PROBLEM TO SOLVE: What you return should be the lines from the one with "Download The New" through the one with "Anime Baby Romper – Zacht Katoen (0-18M)" in the data below, reproduced exactly with both ends, and no pictures at all.

PROVIDED MATERIAL:
------------------------------------

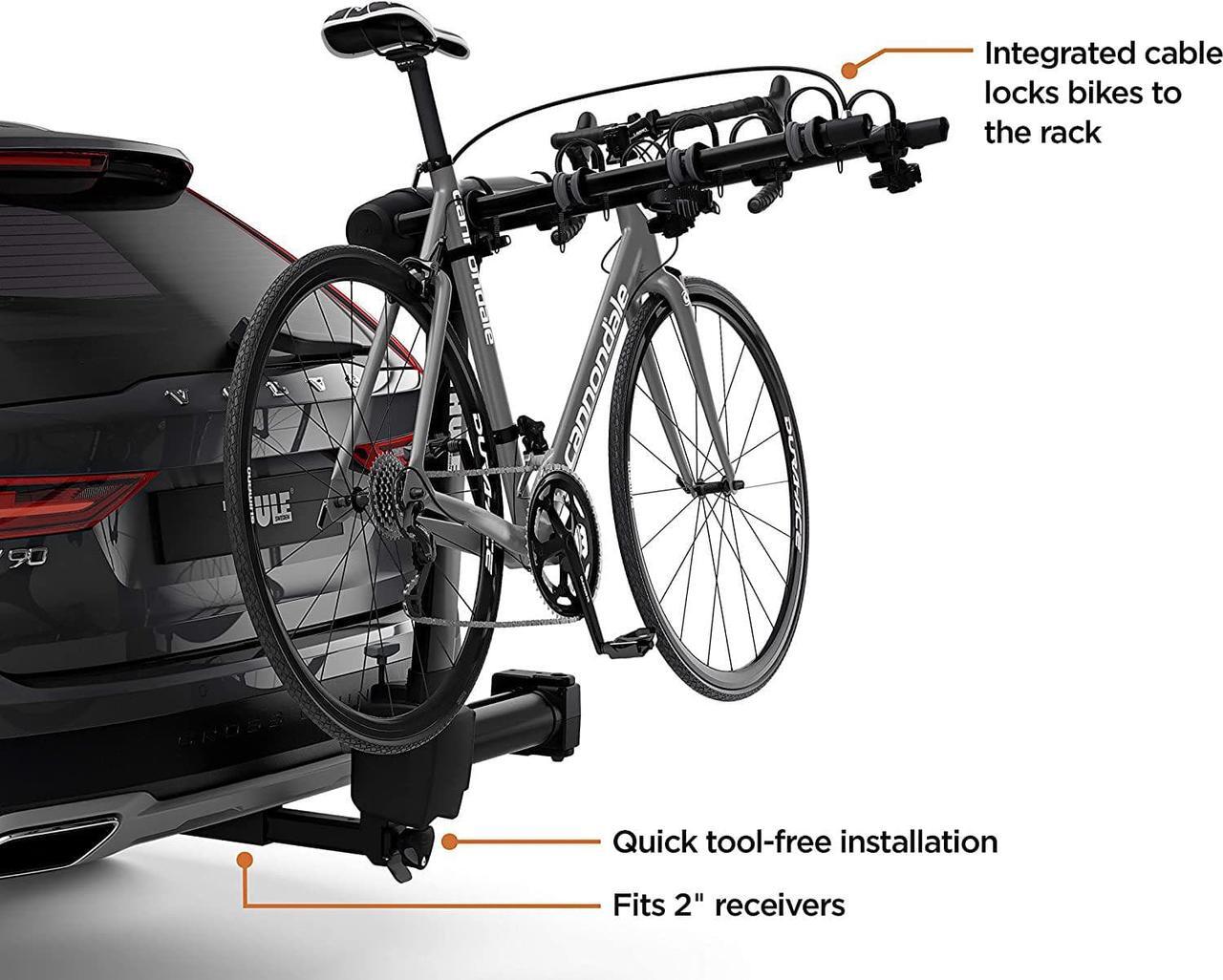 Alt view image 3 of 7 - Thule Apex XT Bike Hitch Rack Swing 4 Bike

------------------------------------

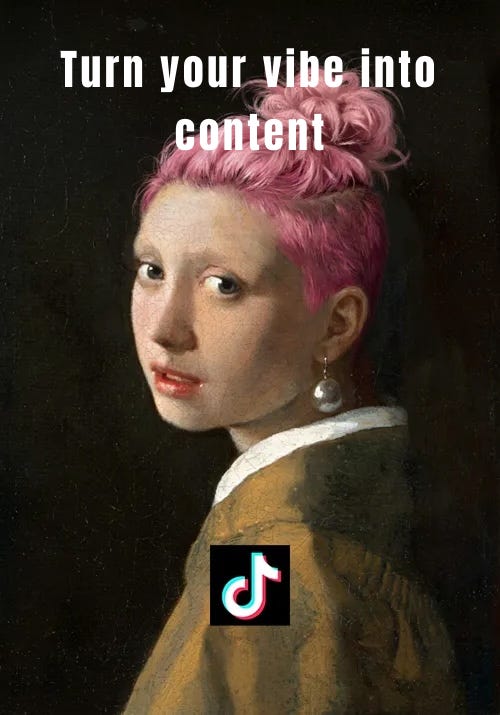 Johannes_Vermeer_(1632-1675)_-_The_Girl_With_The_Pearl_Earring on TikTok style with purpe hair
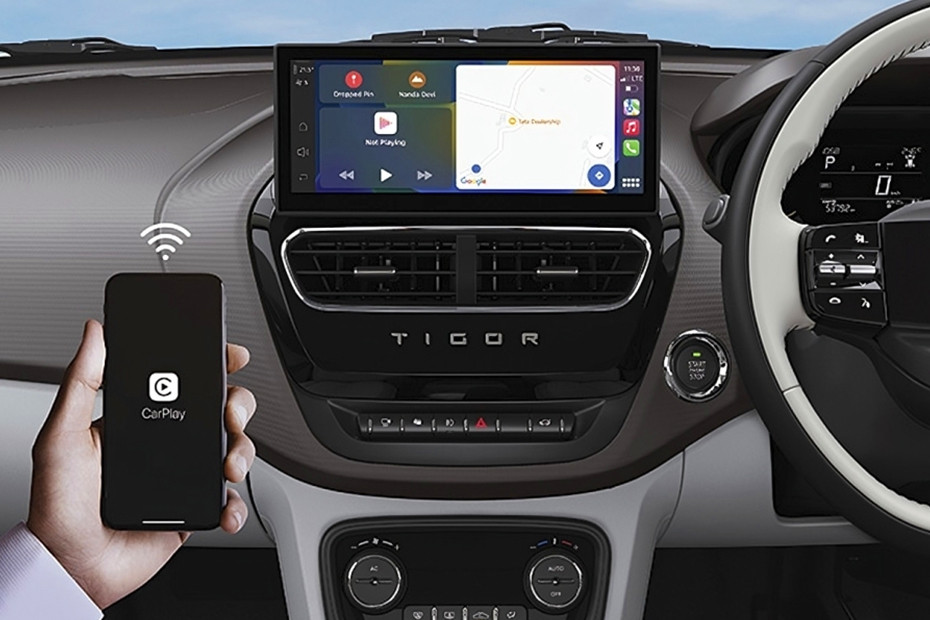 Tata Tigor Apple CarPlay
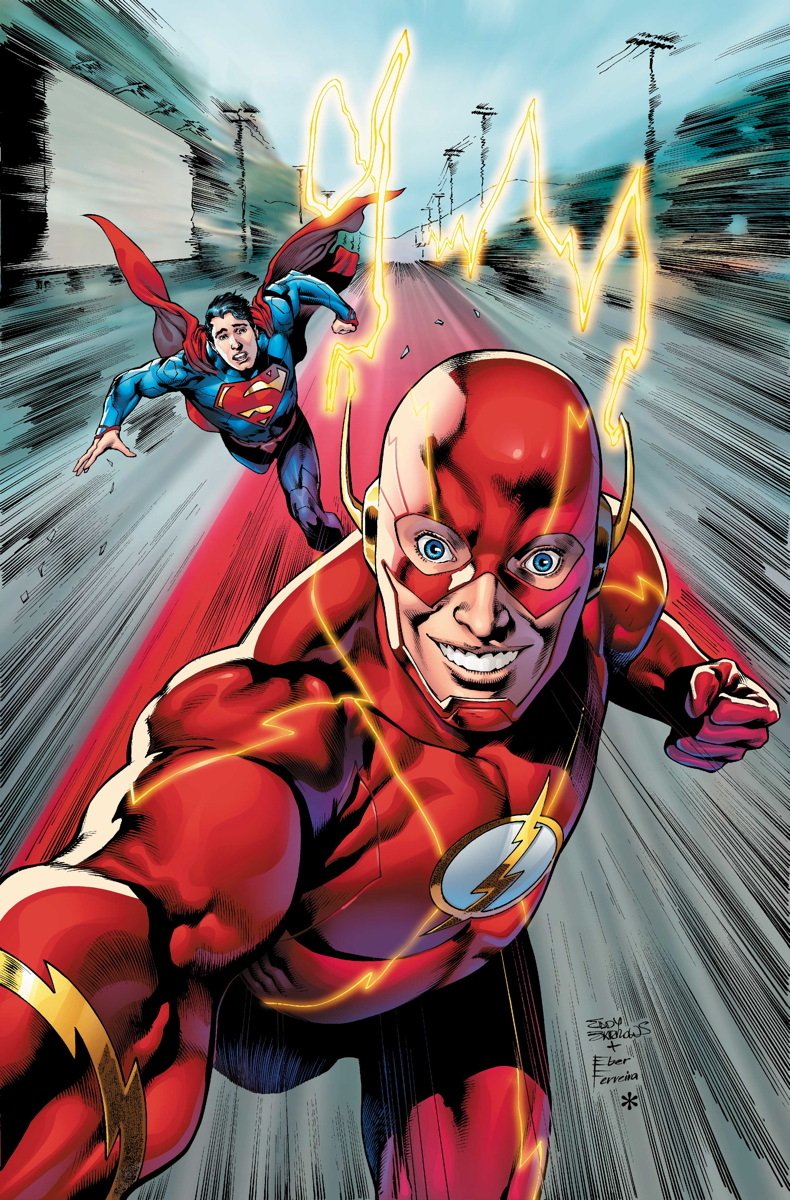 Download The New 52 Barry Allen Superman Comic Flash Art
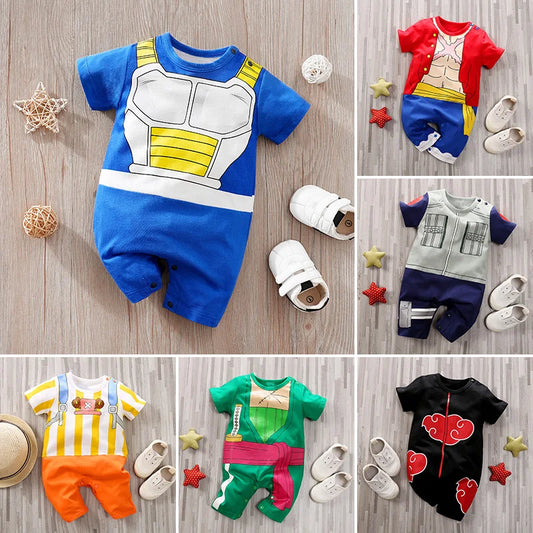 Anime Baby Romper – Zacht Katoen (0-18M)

------------------------------------

EXERCISE RESULT:
 Download The New 52 Barry Allen Superman Comic Flash Art
 Anime Baby Romper – Zacht Katoen (0-18M)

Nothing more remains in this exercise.